2008 Conversations

The aim was to create a time capsule of future thinking in New Zealand in 2008. We wanted to capture people today thinking about and imagining a kaleidoscope of ‘tomorrows’. This snapshot would then serve the twin purposes of acting as a research tool for Project 2058, and encouraging discussion about New Zealand’s long-term future. At the McGuinness Institute, we strongly believe that long-term thinking and sustainability require integration of ideas, disciplines, systems and minds. It was in this light that we embarked upon a project of bringing great minds together and recording their ideas.

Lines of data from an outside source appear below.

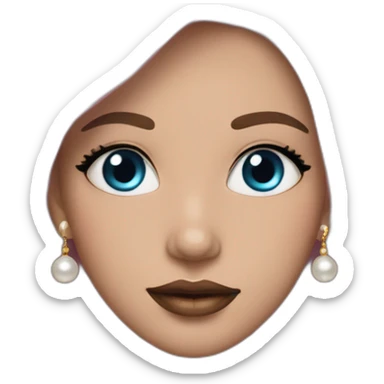 I whit person with blue eyes and long black hair. Pink lips and golden earrings with pearls sticker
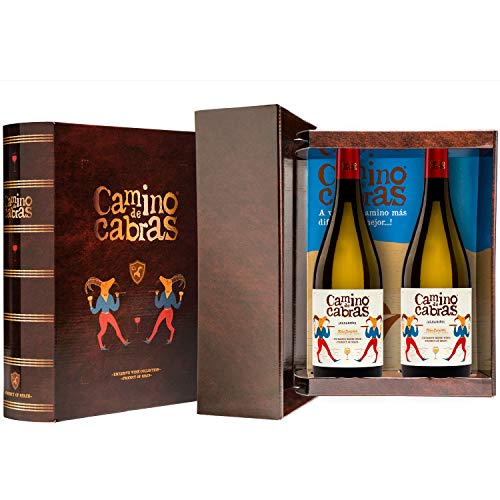 CAMINO DE CABRAS Estuche de vino - Albariño - vino blanco – D.O. Rías Baixas – Producto Gourmet - Vino para regalar - Vino Premium - 2 botellas x 750 ml.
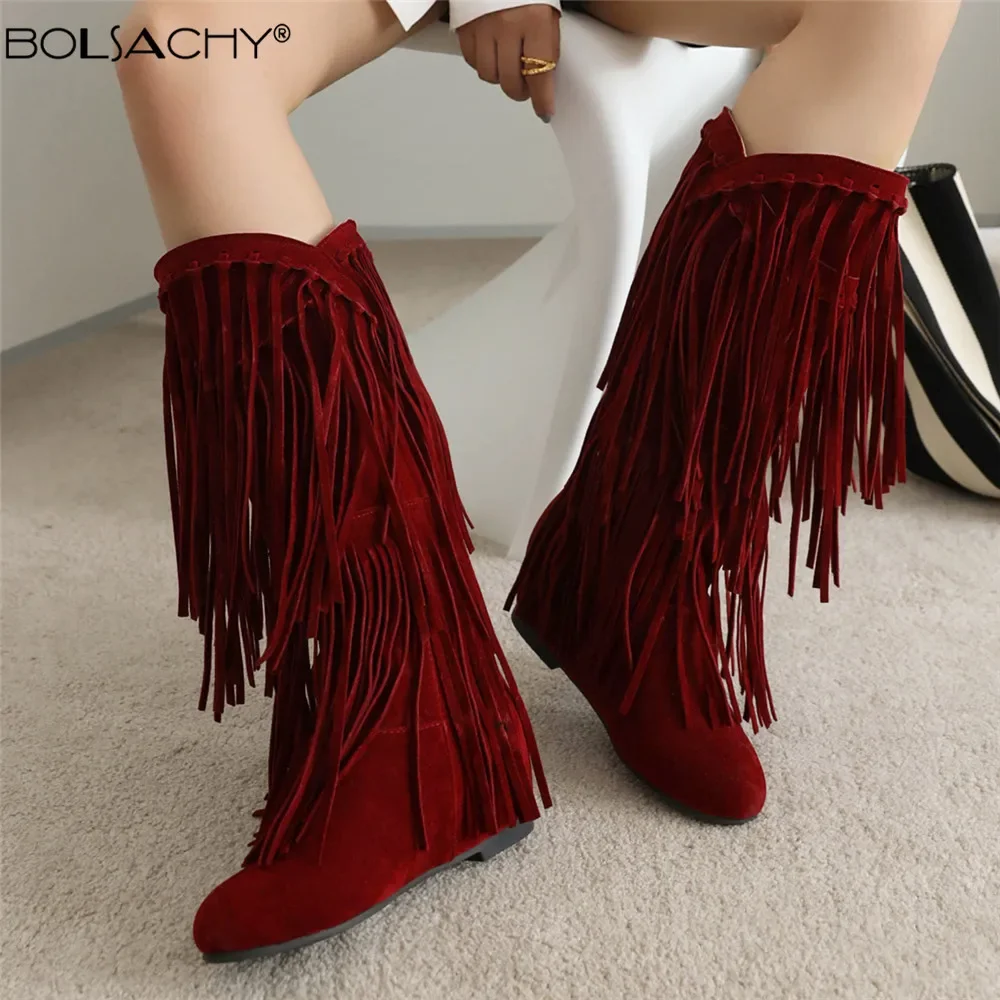 

2025 Fashion Autumn Winter New Ethnic Woman Bohemian Flock Tassle Hidden Moccasin Mid-Calf Boots Fringe Female Slip On Shoes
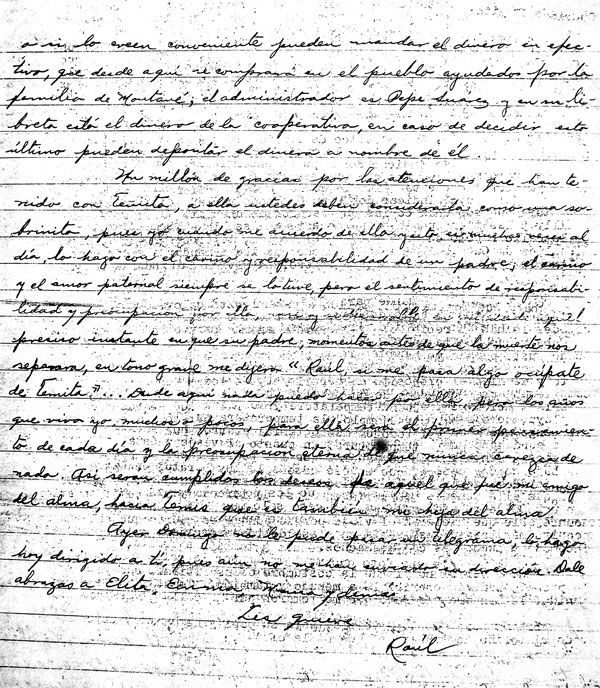 Facsímil de la carta de Raúl a su hermana Lidia.(Foto: Cortesía de la entrevistada)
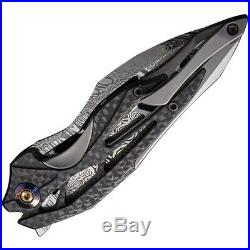 We Knife Arrakis Folding Knife 3.5 Damascus Steel Blade Titanium/Carbon Fiber
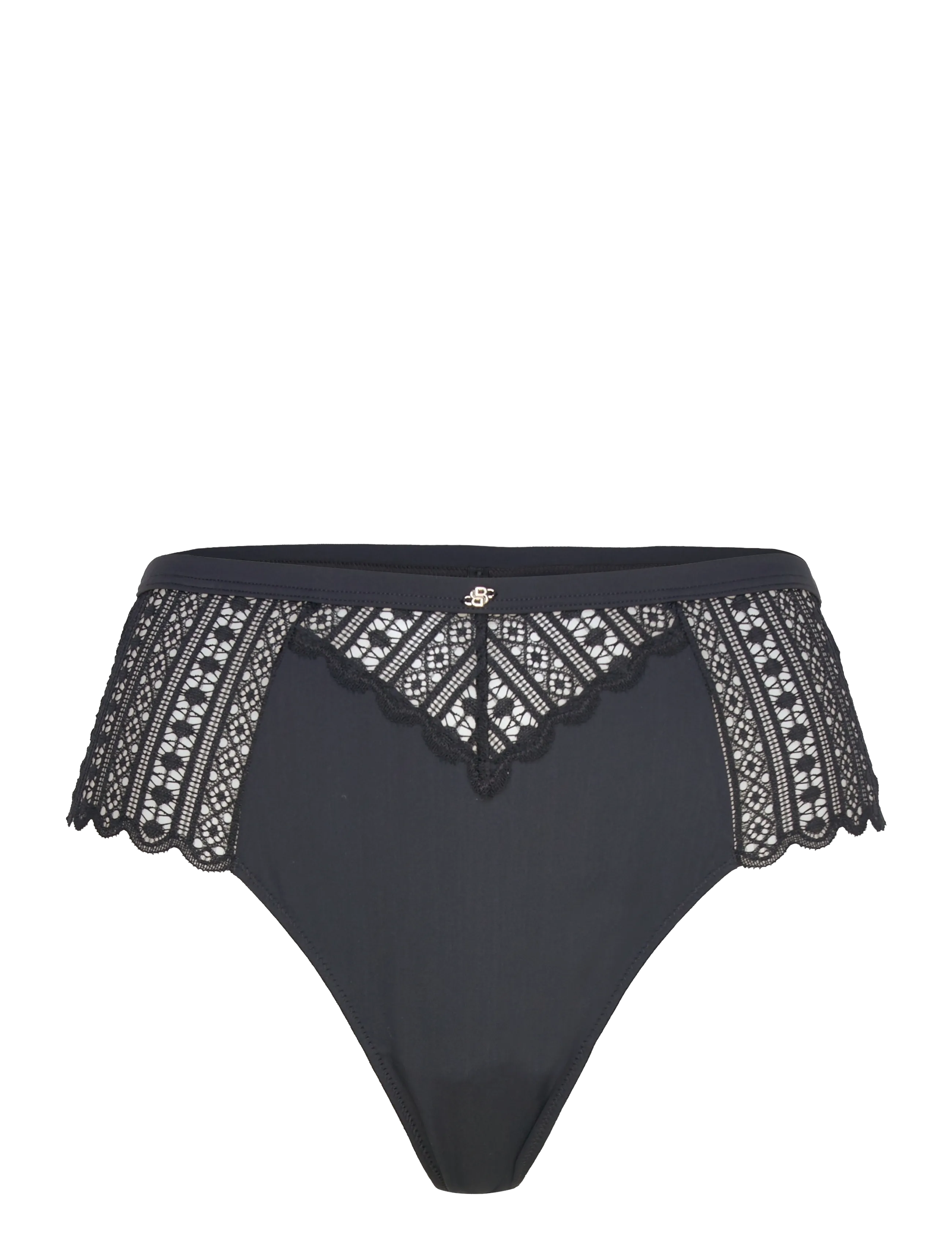 BOSS HW THONG_GUIPURE - Trusser - BLACK / black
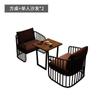 Combinación de mesa y silla de comedor de hierro forjado con asiento de tarjeta de cafetería de estilo industrial vintage, sofá, bar, barbacoa, restaurante occidental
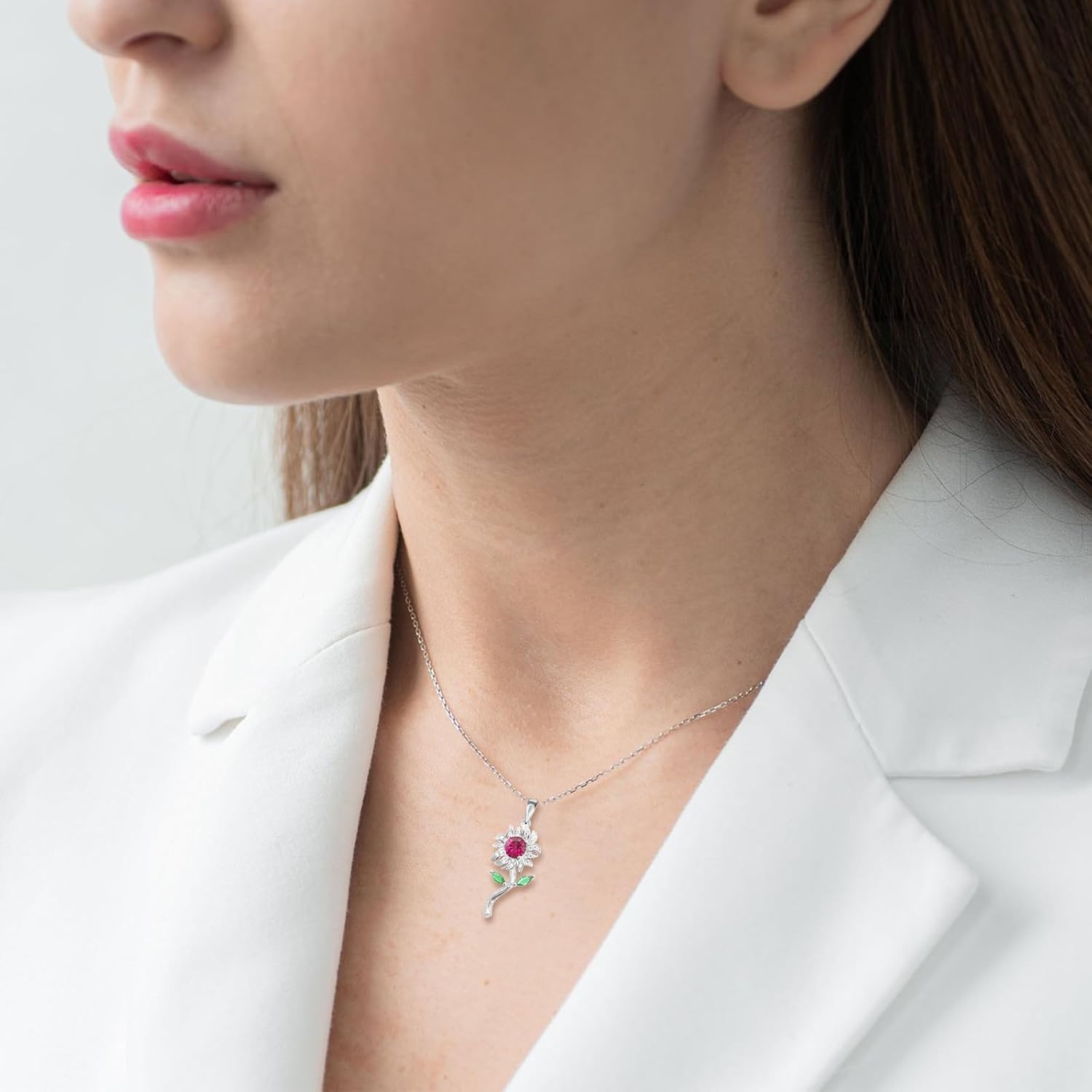 Sunflower Necklace 925 Sterling Silver Ruby Necklace for Women Anniversary Birthday Valentine's Day Gifts for Her - Image 5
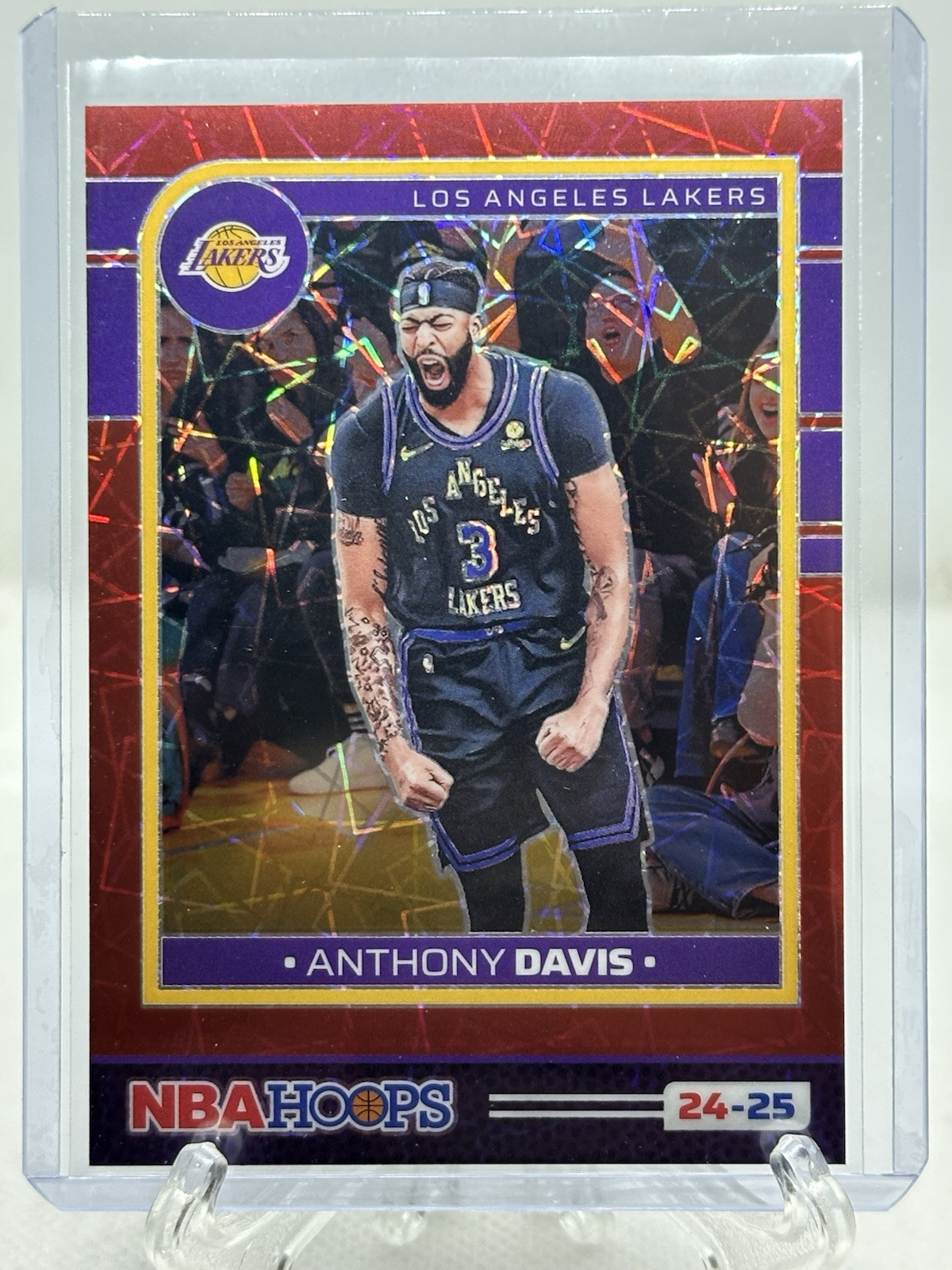 2024-25 NBA Hoops Anthony Davis #216 Opti Chrome Red Lazer /99 SP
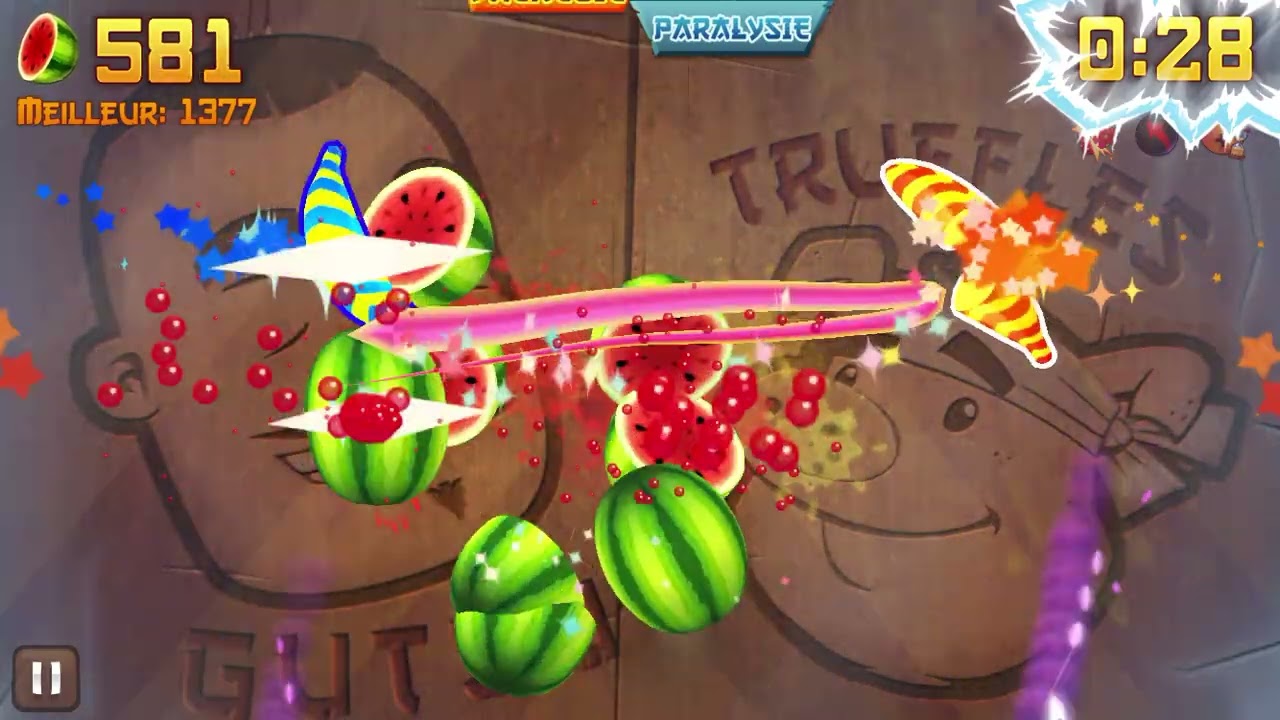 Jeux vidéo 🎮 Fruit Ninja Arcade le Score 1501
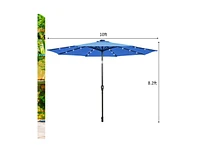 10 Feet Outdoor Patio umbrella with Bright Solar Led Lights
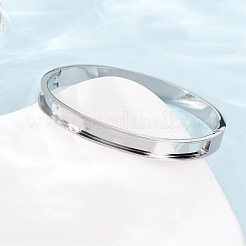 Base de bracelet rainurée en acier inoxydable 304&nbsp;SA-CBACA70-02P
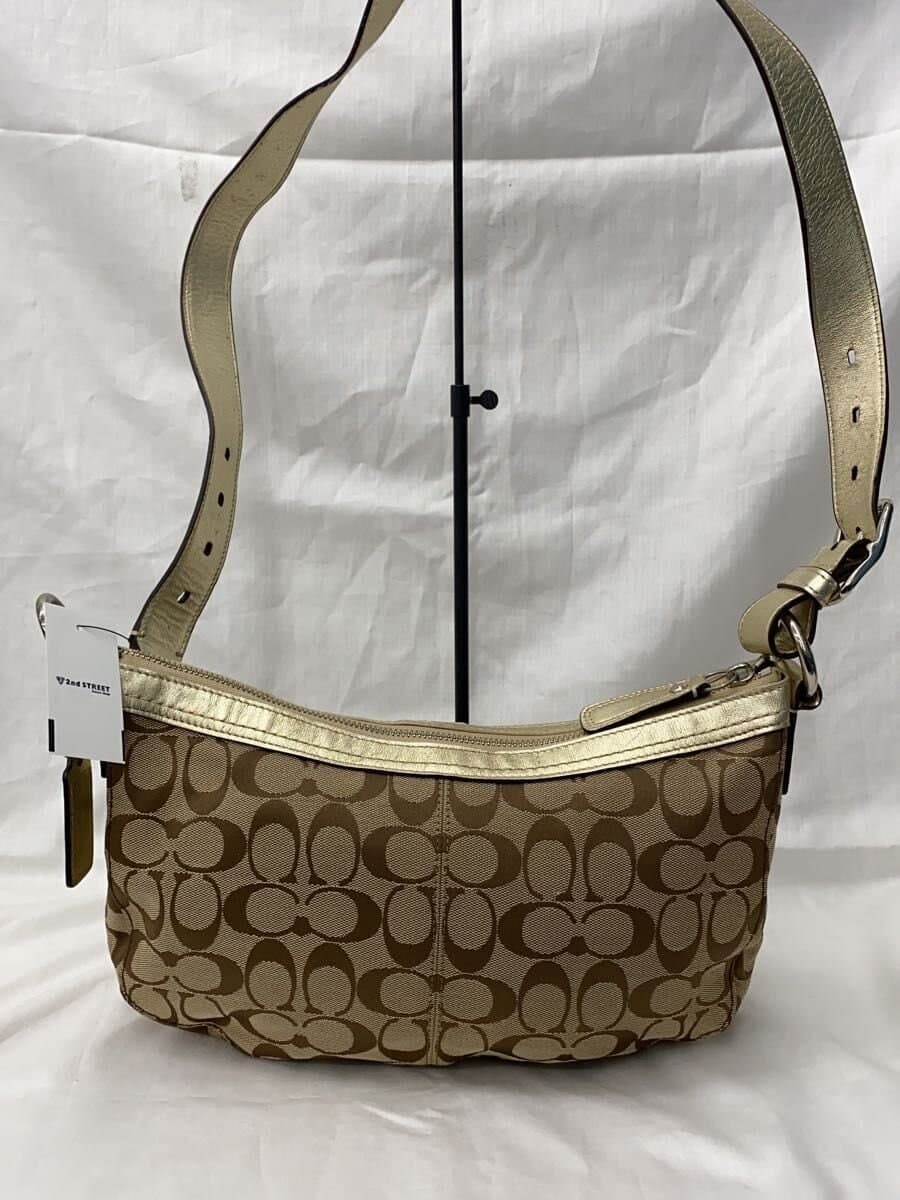 COACH Shoulder Bag Canvas BEG All-over Print F14447 3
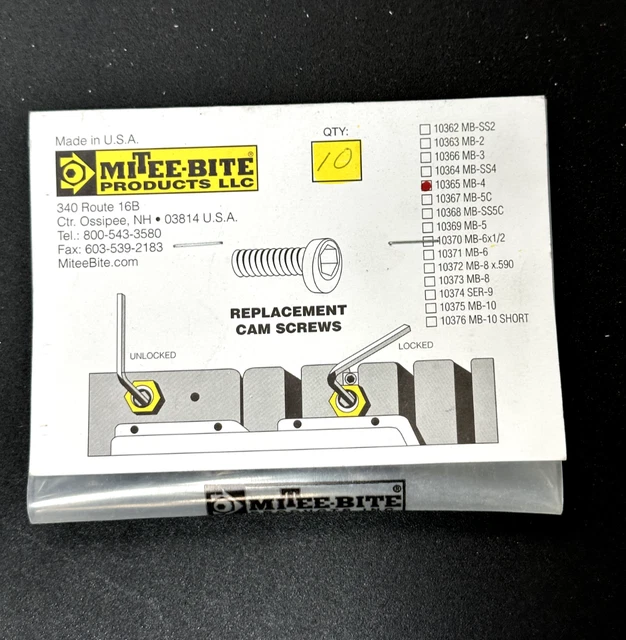 MITEE BITE 10365 CAM SCREW 8-32, PACK OF 10, New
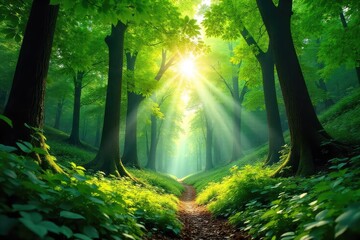 Obraz premium Lush green canopy of a vibrant forest, sunlight dappling through leaves, creating a serene and peaceful atmosphere Perfect for nature, environment, and ecology themes , plant, earth, chlorophyll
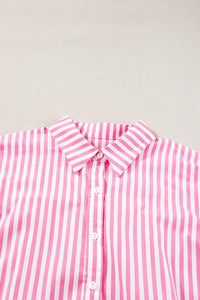 Stripe Button Up Pink Dolman Shirt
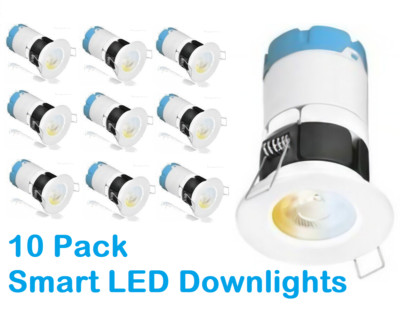 10er-Pack LED Smart Lights Downlight Deckenfleck warm - weiß 6,5 W Dim IP65 5000K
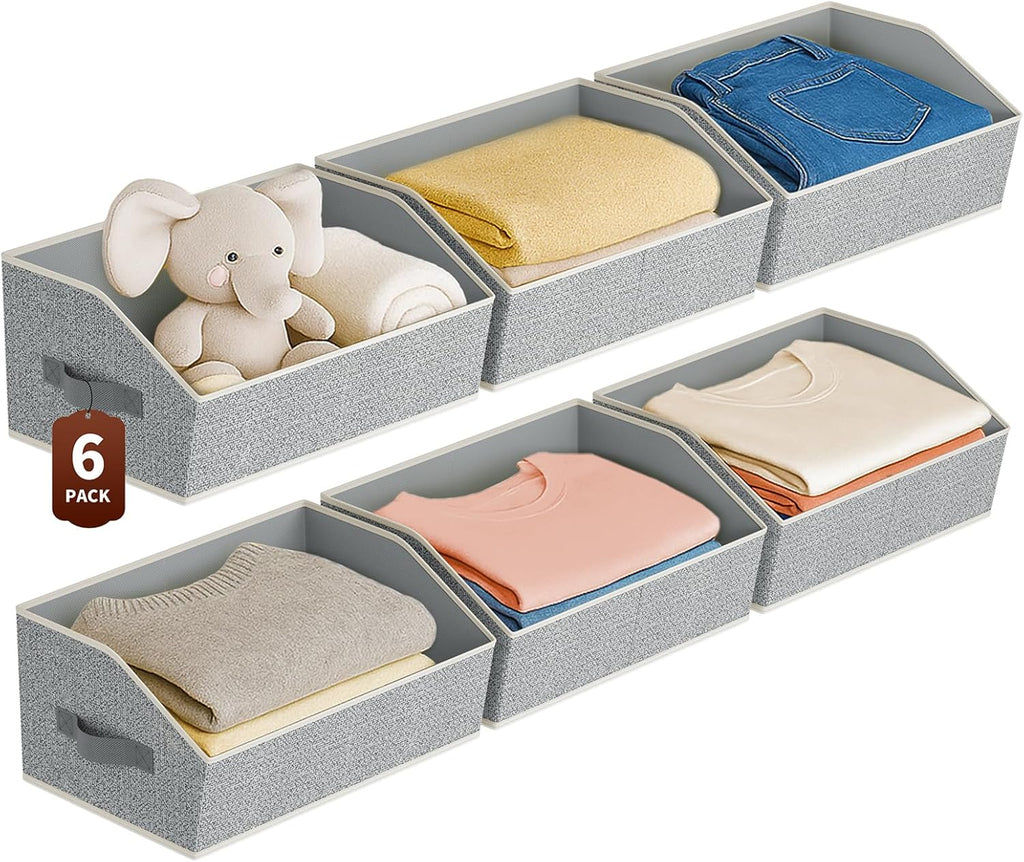 Large Closet Organizers and Storage Bins - 6 Pack Trapezoid Storage Baskets for Shelves, Foldable Fabric Baskets with Handles Ideal for Closet, Basket, Wardrobe and Shelf Storage, Light Grey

If you have any questions or would like to find out more foresightnz@mcguinnessinstitute.org.

Conversations

  • Roger Dennis & Megan Hosking: A strategic innovation consultant and a designer question how far technology can take us, how far we really need to go and what wild cards we may face in the future.
  • David Young & Joe Williams: An historian and a High Court Judge tackle the big issues: climate change, population, our own diversity and how we will live together in an increasingly crowded world.
  • Suzi Kerr & Jacqueline Rowarth: An environmental economist and the director of Massey Agriculture discuss challenges facing New Zealand in the next 50 years and address how we can face and adapt to the ‘big picture’ as individuals.
  • Richard Randerson & Jo Randerson: A Bishop and a playwright, who are also father and daughter, look at changes over a generation, what we talk about around the barbeque and where they sit on a scale of hope to despair for our future.
  • Peggy Fairbairn-Dunlop & Joris de Bres: The Race Relations Commissioner and the Director of the Va’aomanu Pasifika at Victoria University address the status of environmental refugees and building and valuing diversity.

Methodology

We felt that previous dialogue in this area had only taken place as lectures, speeches or debates. These took the form of an expert sharing ideas, or placing people of opposing opinions against one another. Ultimately, we decided that the project should meet the goals of developing long-term integrated thinking about New Zealand, therefore the focus should rest on building consensus through dialogue and learning rather than focusing attention on the points we disagree on. In order to achieve this, we needed to find a medium that would encourage integration and involvement. After research and discussion of the concept, it was decided that the best format would be the long conversation.

Our process involved four stages. We agreed upon the concept, selected the participants, filmed the conversations, and finally decided what we should use of the resulting footage.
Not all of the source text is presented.